お役立ちコラム

 
  • 公開日:2017/11/14

    更新日:2019/12/25

    お歳暮マナー

    お歳暮と何が違う?
    「寒中見舞い」のマナーとは

    夏にお中元や暑中見舞いを贈るように、年末にはお歳暮を贈ります。
    そして、年が明けると新年のご挨拶が書かれた年賀状が届きますが、これとは別に「寒中見舞い」というものもあります。
    寒中見舞いといえば「お歳暮や年賀状の代わりになるもの」というイメージを持つ方も多いでしょう。しかし、実は寒中見舞いを出すときには、適したタイミングやマナーがあります。
    今回は、大人なら知っておきたい寒中見舞いのマナーを「はがきや手紙で出すとき」と「品物を贈るとき」の2つに分けてご紹介いたします。

    寒中見舞いをはがきや手紙で出すときのマナー

    ・年賀状とは別物! 寒中見舞いを送る時期について
    年賀状は、新年の訪れを祝福するとともに挨拶をし、昨年の感謝を伝えるものです。
    これに対し寒中見舞いは、寒さを感じる1~2月の時期に挨拶や近況、見舞いを伝えるためのものです。また、自身や相手が喪中で年賀状が出せなかったときの代用や、相手が喪中ということを知らずに年賀状を出してしまったときのお詫び状としても活用できます。
    これと同様に、年賀状を出し忘れた場合や返事ができなかった際に寒中見舞いを利用することもできます。
    しかし、年賀状の代わりになるからといって、新年を迎えてすぐに出すのはマナー違反です。
    寒中見舞いは、松の内を過ぎてから立春までの間に送るのが一般的なマナーだとされています。関東では元旦から1月7日までが松の内になるので、1月8日~2月4日の期間に送り、それ以外の地域では1月15日~2月4日の期間に送りましょう。

    ・寒中見舞いを書くときのマナーについて
    寒中見舞いを季節のご挨拶状として出す際は、「寒中お見舞い申し上げます」という定型文とともに、相手の近況を伺う言葉やこちらの近況、これからの挨拶などを書くのが一般的です。
    しかし、年賀状の代わりとして寒中見舞いを出す際は、「ご挨拶が遅れてしまい申し訳ございません」「服喪中のため年頭の挨拶を控えさせていただきました」などの言葉を追加します。
    また、寒中見舞いは絵はがきや手紙で送るのが主流ですが、年賀はがきが余っているからといって使いまわすのはマナー違反にあたります。
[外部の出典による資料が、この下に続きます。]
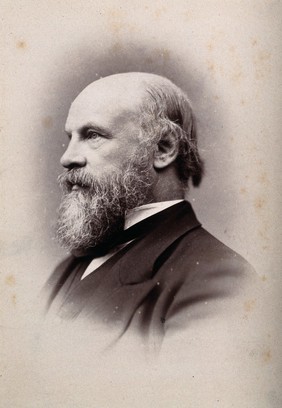 Sir William Turner. Photograph by G. Jerrard, 1881.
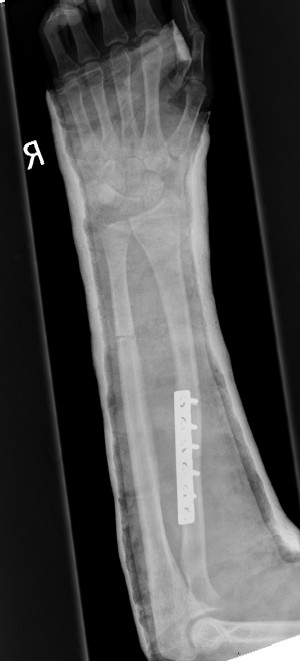 Osteotomy of the ulna has corrected the plastic deformation.  Normal range of motion of the forearm is restored.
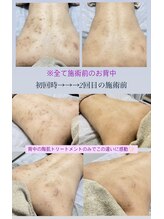 クレヴィー(Creviy)/背中ハーブピーリング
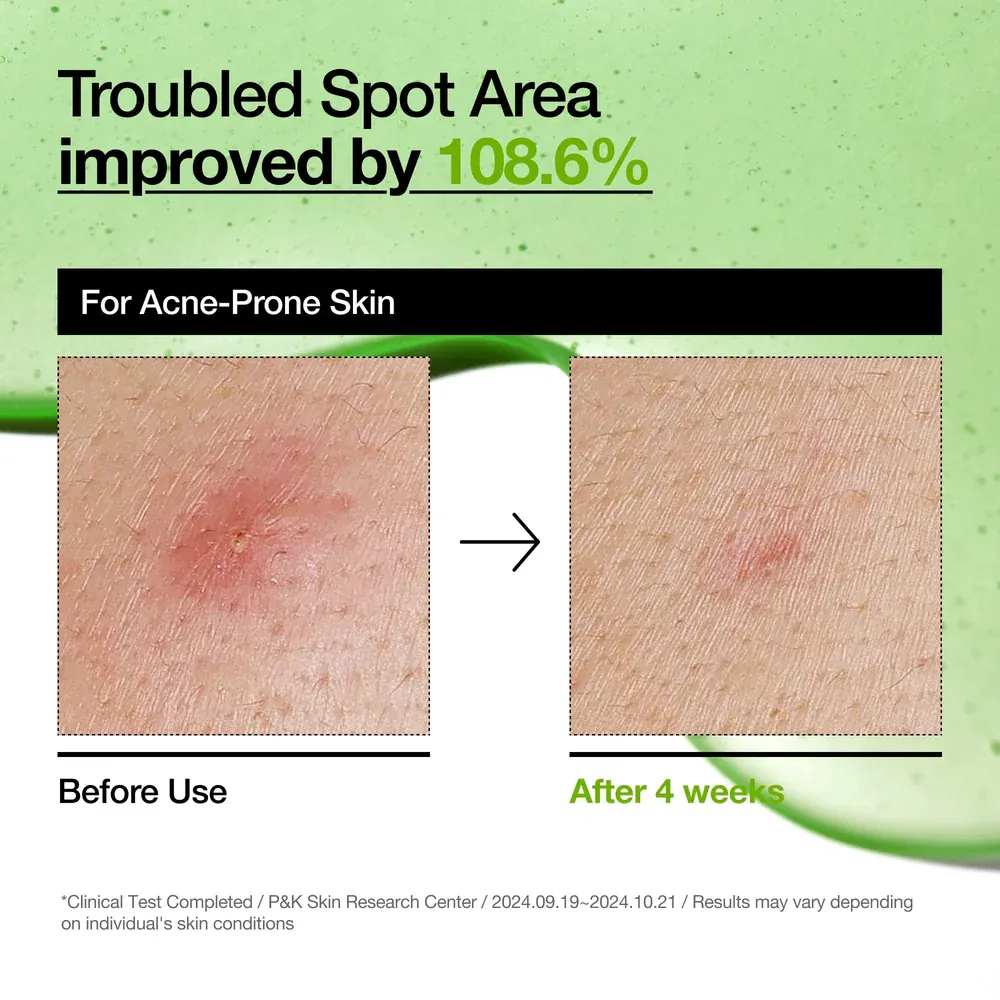 Anua Azelaic Acid 10 Hyaluron Redness Soothing Serum 30ml - Official Product Image | Abdulghani Trading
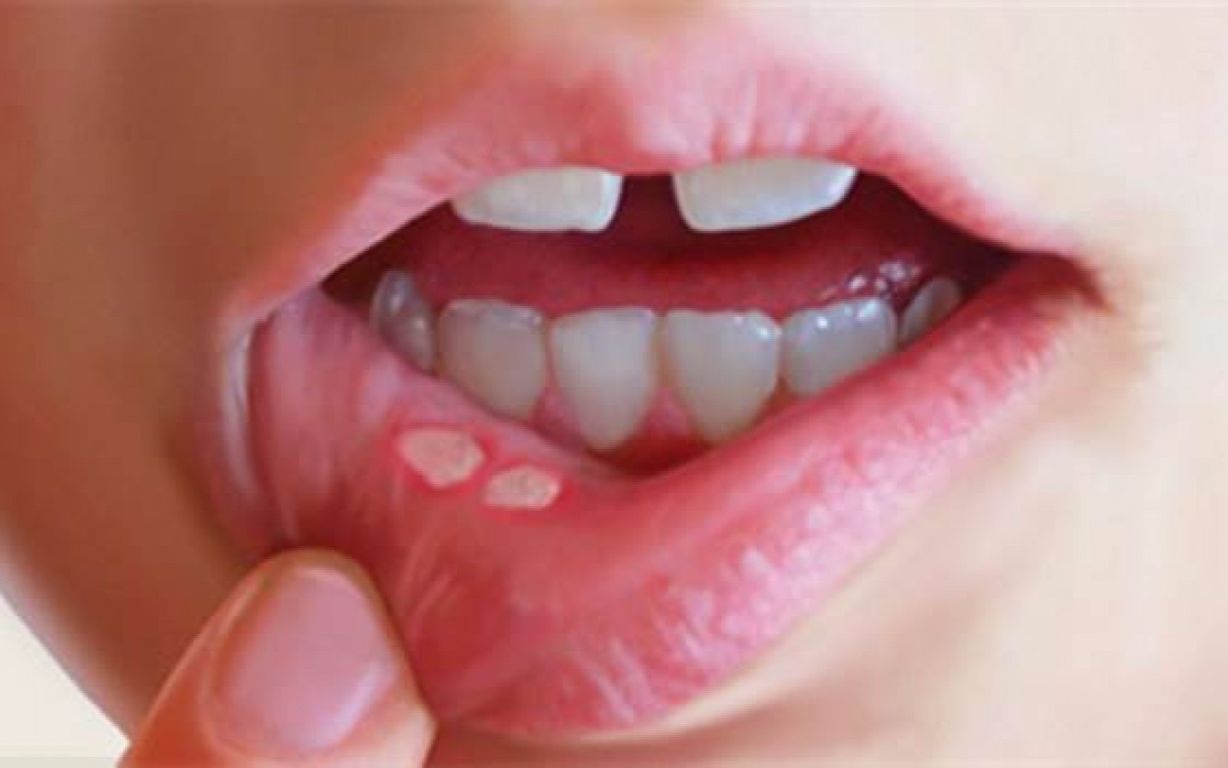 همه چیز درباره بیماری بهجت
冬らしさを感じるデザインのはがきや便箋を使用するのがおすすめです。

    寒中見舞いに品物を贈るときのマナー

    ・お歳暮の代わりに寒中見舞いを送ってもOK
    「こちらが贈っていない方からお歳暮が贈られてきたけど、お返しができていない」
    「お歳暮を贈り忘れてしまった……」
    お歳暮を用意するシーズンは年末にあたるため、慌ただしく時間が過ぎていくものです。
    バタバタと日々を過ごし、お歳暮の用意を忘れてしまったということもあるでしょう。
    そんなときは、寒中見舞いをお歳暮の代わりにすることもできます。はがきや手紙と同じように、松の内が過ぎ立春になるまでの間に贈りましょう。

    ・寒中見舞いの品物の選び方
    寒中見舞いをお歳暮の代わりとして贈る場合は、品物を選ぶ必要があります。
    よく選ばれているのは、お酒やジュースなどの飲料類、ハムやかまぼこなどの加工食品、クッキーやアイスクリームなどのスイーツで、お歳暮として選ばれているものと同様のものが人気です。
    家族みんなで楽しめる食品は、相手にも喜ばれやすい品物です。

    年賀状やお歳暮の代わりになる寒中見舞いですが、期間が限られているため、贈る際には注意が必要です。また立春を過ぎてしまった場合は、寒中見舞いではなく「余寒見舞い」になりますが、先延ばしにならないよう、早めに手配をしておくことが大切です。